Представим себе человека, которого единственным средством к жизни была бы мельница. Человек этот — сын и внук мельника и по преданию твердо знает, как надо во всех частях ее обращаться с мельницей, чтобы она хорошо молола. Человек этот, не зная механики, прилаживал, как умел, все части мельницы так, чтобы размол был спорый, хороший, и человек жил и кормился.
Но случилось этому человеку раздуматься над устройством мельницы, услыхать кое-какие неясные толки о механике, и он стал наблюдать, что от чего вертится.

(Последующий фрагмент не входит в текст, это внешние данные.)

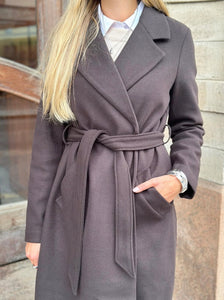VEROMODA - FORTUNEAYA XTRA LONG COAT - CHOCOLATE TORTE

И от порхлицы до жернова, от жернова до вала, от вала до колеса, от колеса до заставок, плотины и воды, дошел до того, что ясно понял, что все дело в плотине и в реке. И человек так обрадовался этому открытию, что вместо того, чтобы, по-прежнему, сличая качество выходящей муки, опускать и поднимать жернова, ковать их, натягивать и ослаблять ремень, стал изучать реку. И мельница его совсем разладилась. Стали мельнику говорить, что он не то делает. Он спорил и продолжал рассуждать о реке. И так много и долго работал над этим, так горячо и много спорил с теми, которые показывали ему неправильность его приема мысли, что под конец и сам убедился в том, что река и есть самая мельница.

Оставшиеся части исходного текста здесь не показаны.